Exercise data:

:::

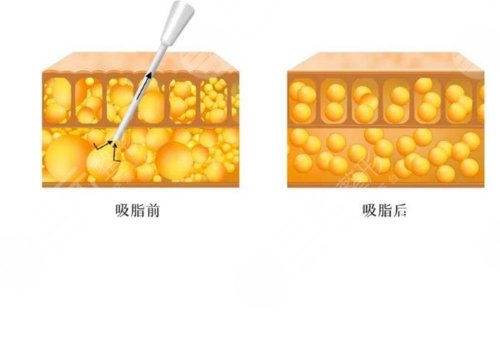 吸脂凹凸不平多久恢復？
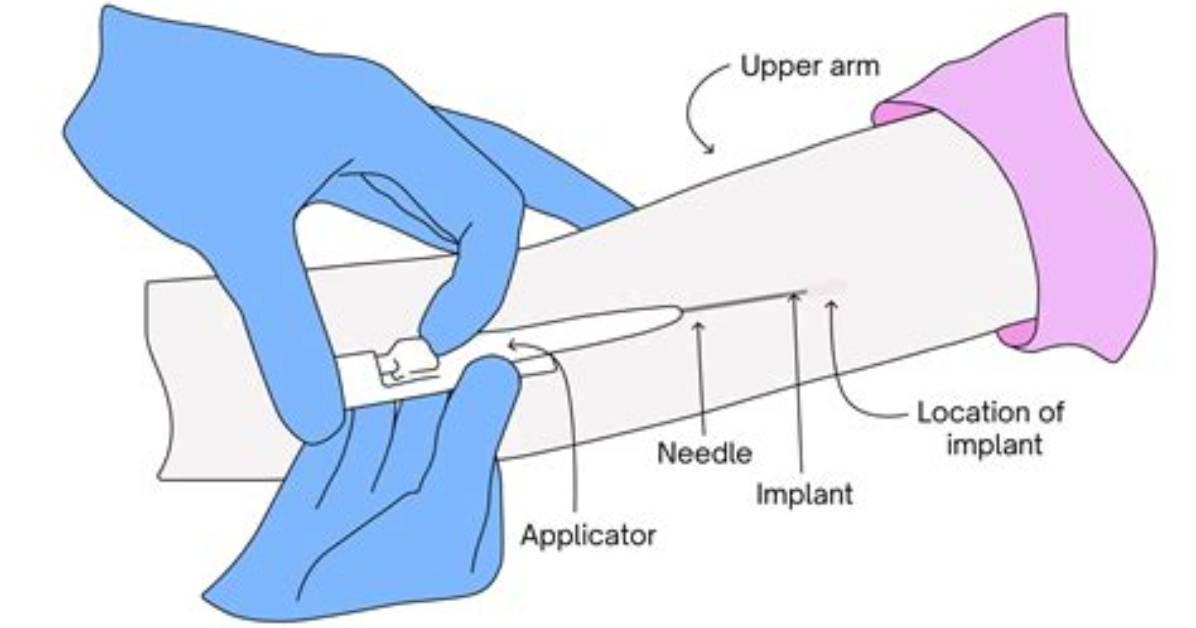 Does Nexplanon Hurt When Inserted?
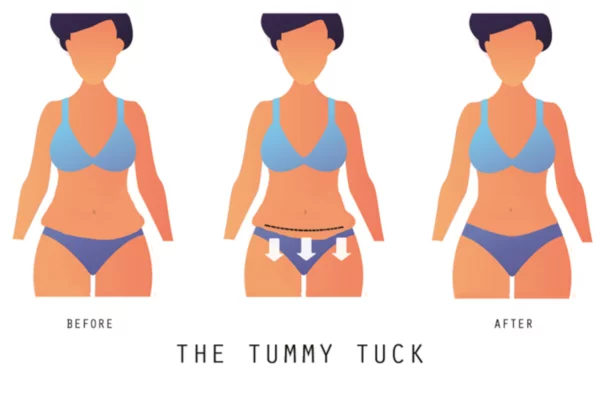 Tummy Tuck After Weight Loss Tummy Tuck After Weight Loss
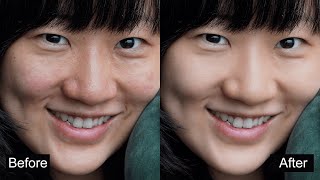 Fast Skin Retouching: remove redness & smooth skin with SkinFiner screenshot 2
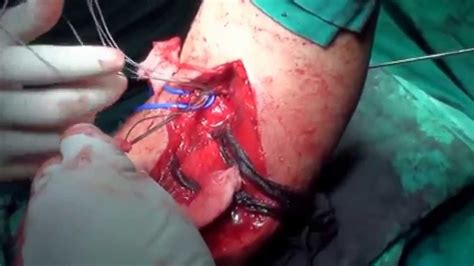 Chronic Biceps Brachialis Tendon Rupture Recostruction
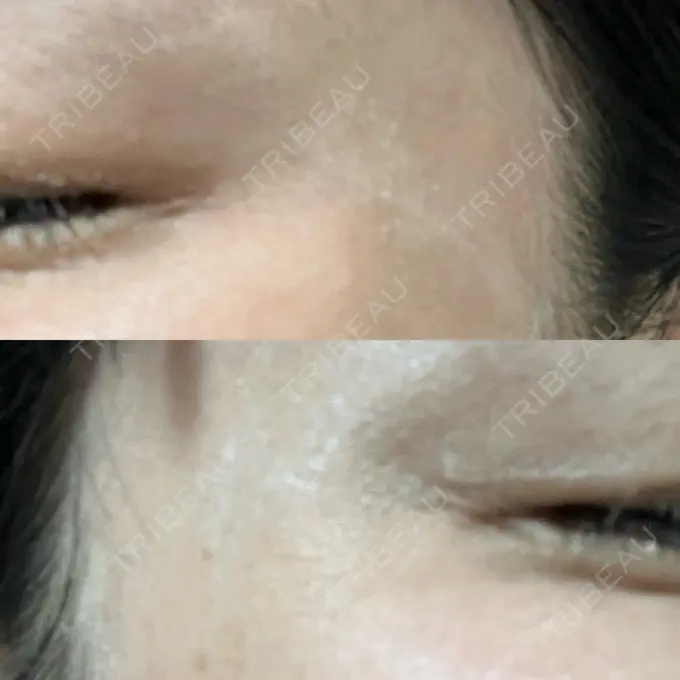 ボトックス（目尻） 湘南美容クリニック 立川院 DAY 22 メイン用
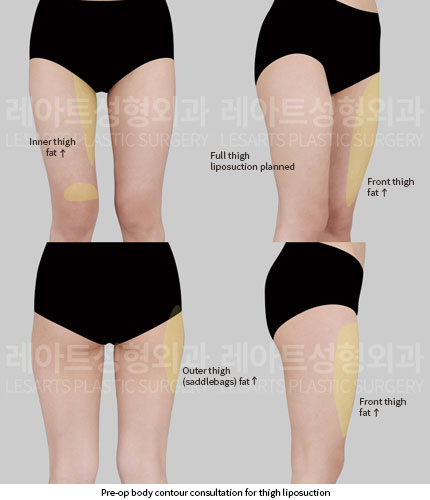 thigh-liposuction-02-01-251204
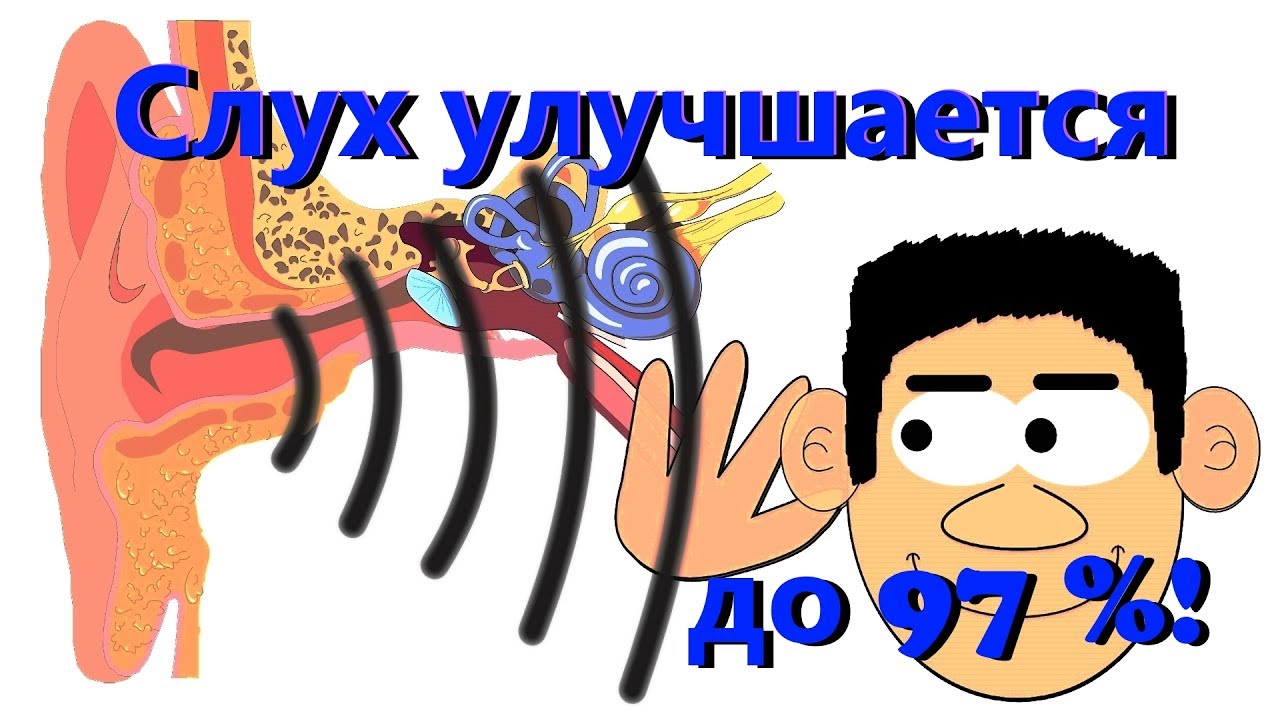 КАК восстановить СЛУХ. Простые рецепты. - YouTube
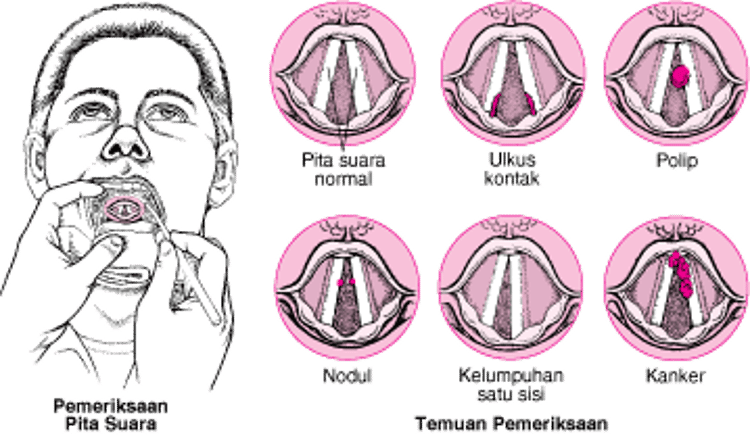 Masalah Pita Suara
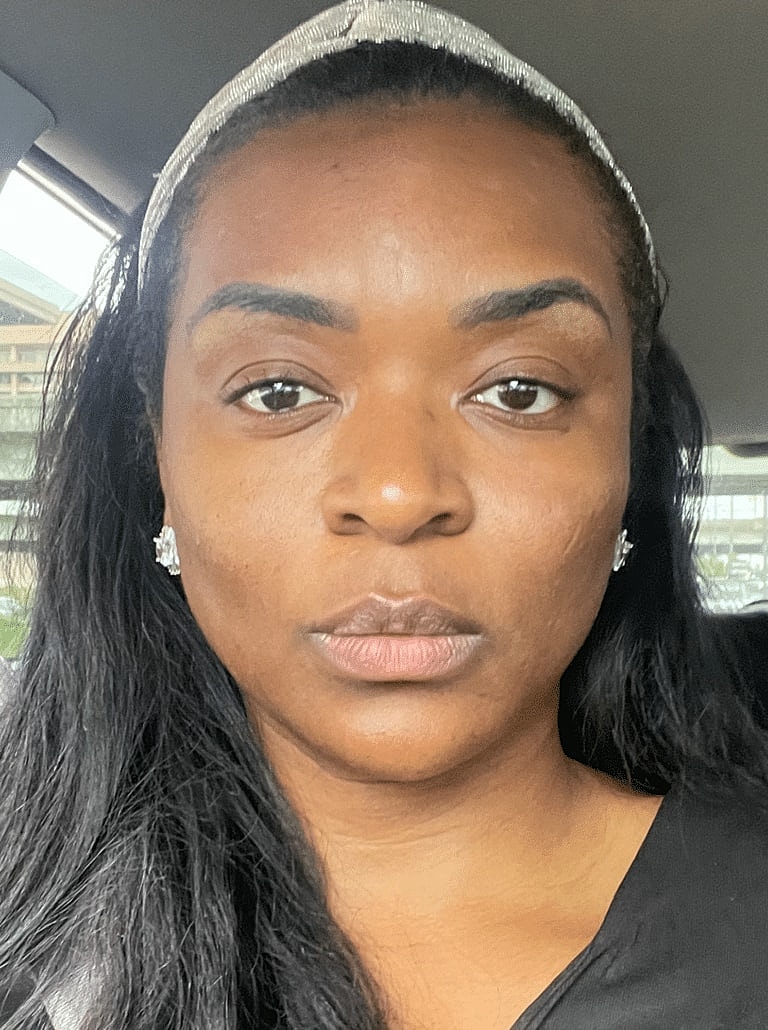 Dermal Fillers Before & After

:::

Activity: In transcribing the listing, keep each word as it is and drop the pictures.

Answer section:
 吸脂凹凸不平多久恢復？
 Does Nexplanon Hurt When Inserted?
 Tummy Tuck After Weight Loss Tummy Tuck After Weight Loss
 Fast Skin Retouching: remove redness & smooth skin with SkinFiner screenshot 2
 Chronic Biceps Brachialis Tendon Rupture Recostruction
 ボトックス（目尻） 湘南美容クリニック 立川院 DAY 22 メイン用
 thigh-liposuction-02-01-251204
 КАК восстановить СЛУХ. Простые рецепты. - YouTube
 Masalah Pita Suara
 Dermal Fillers Before & After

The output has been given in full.